**THE PROBLEM:** Starting with the line that has "Futier land（フュ" and finishing with the line that has "MANA レザーオープントゥサンダル 黒茶 MANA", set down each line below exactly. Pictures are not copied.

EXTRACTED RECORDS START

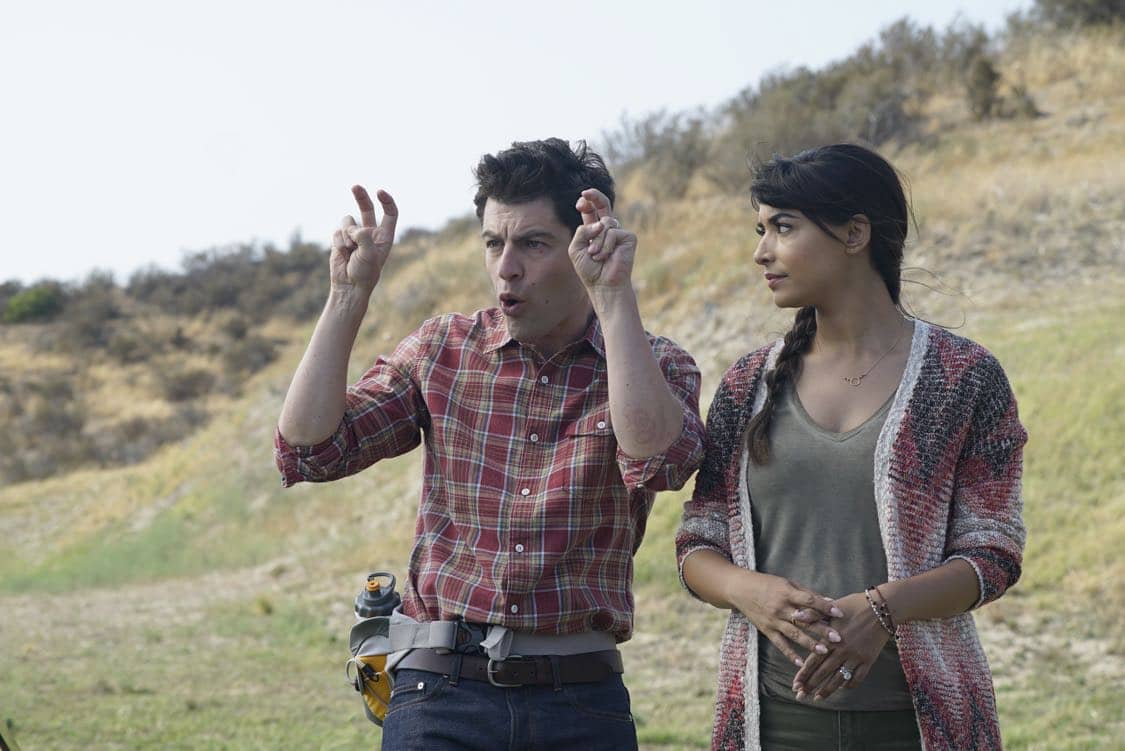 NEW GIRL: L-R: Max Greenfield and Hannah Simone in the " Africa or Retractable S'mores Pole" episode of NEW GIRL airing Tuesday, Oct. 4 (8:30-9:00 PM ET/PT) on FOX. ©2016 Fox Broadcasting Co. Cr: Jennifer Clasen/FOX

EXTRACTED RECORDS END
EXTRACTED RECORDS START

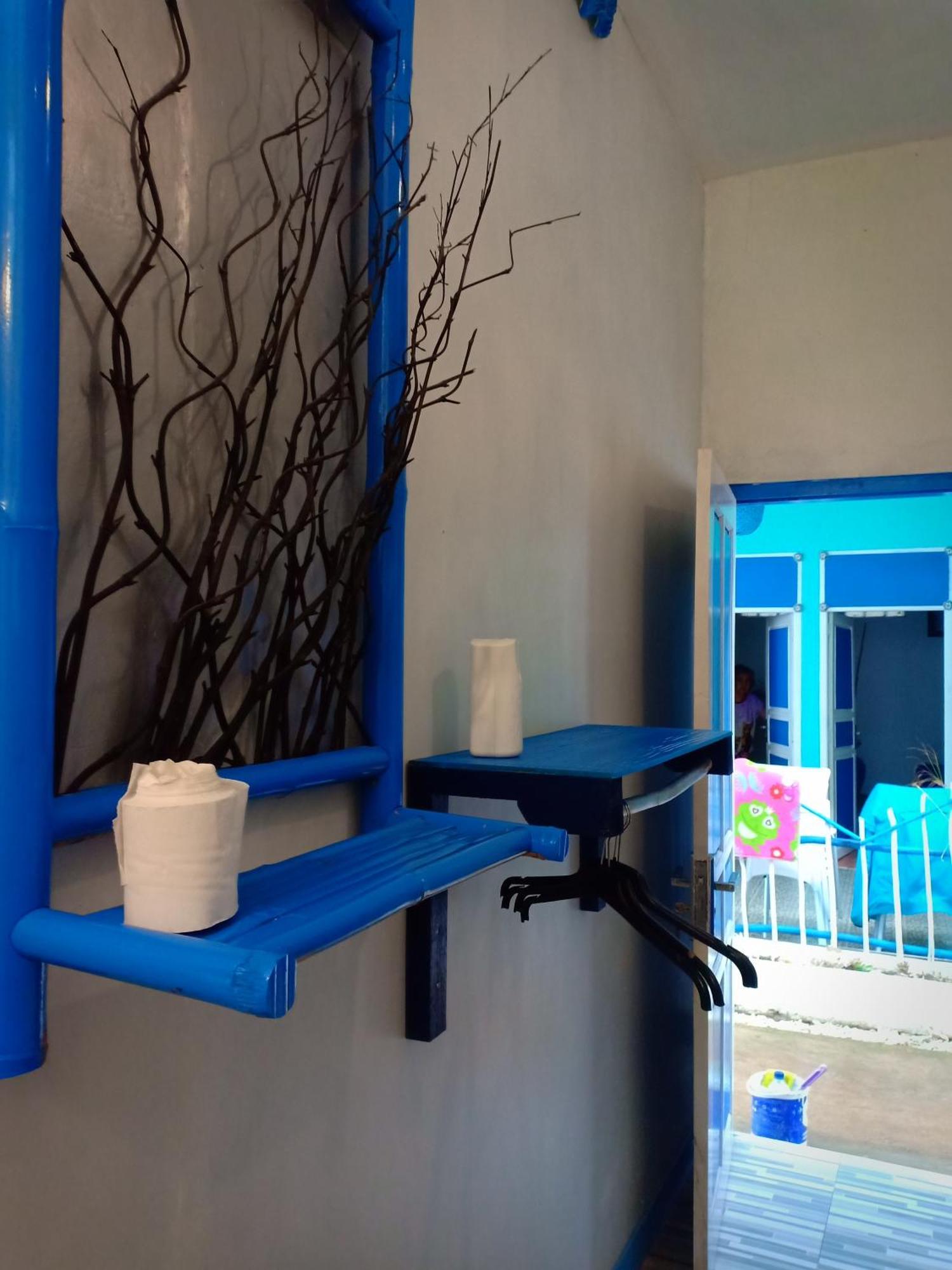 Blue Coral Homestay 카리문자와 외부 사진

EXTRACTED RECORDS END
EXTRACTED RECORDS START

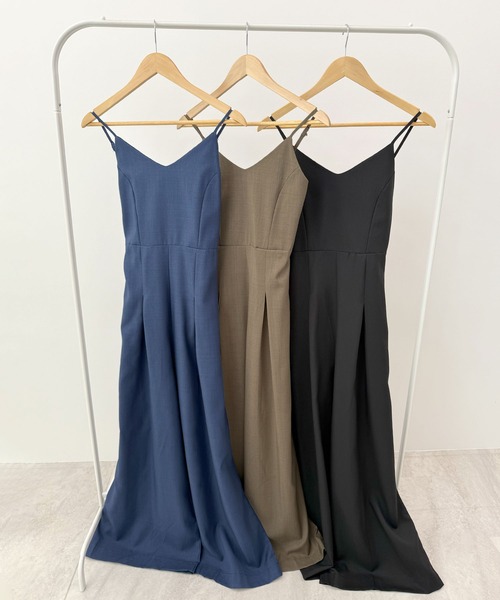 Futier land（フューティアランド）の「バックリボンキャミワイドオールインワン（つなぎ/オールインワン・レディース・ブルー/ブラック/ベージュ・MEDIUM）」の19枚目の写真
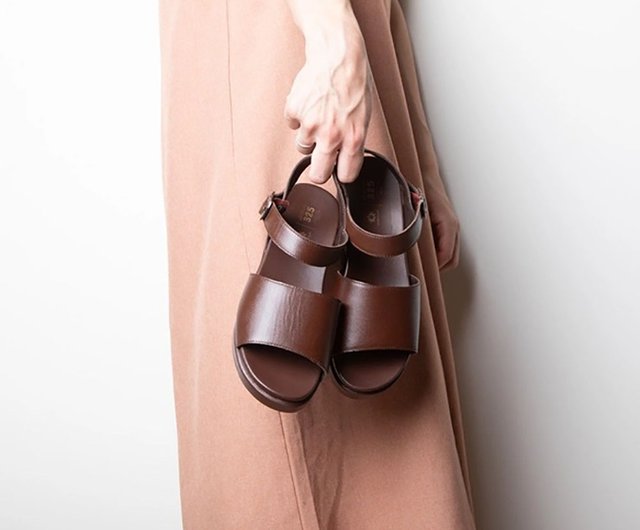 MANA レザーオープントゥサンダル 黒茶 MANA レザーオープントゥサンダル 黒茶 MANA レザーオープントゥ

EXTRACTED RECORDS END

**SOLVED PROBLEM:**
 Futier land（フューティアランド）の「バックリボンキャミワイドオールインワン（つなぎ/オールインワン・レディース・ブルー/ブラック/ベージュ・MEDIUM）」の19枚目の写真
 MANA レザーオープントゥサンダル 黒茶 MANA レザーオープントゥサンダル 黒茶 MANA レザーオープントゥ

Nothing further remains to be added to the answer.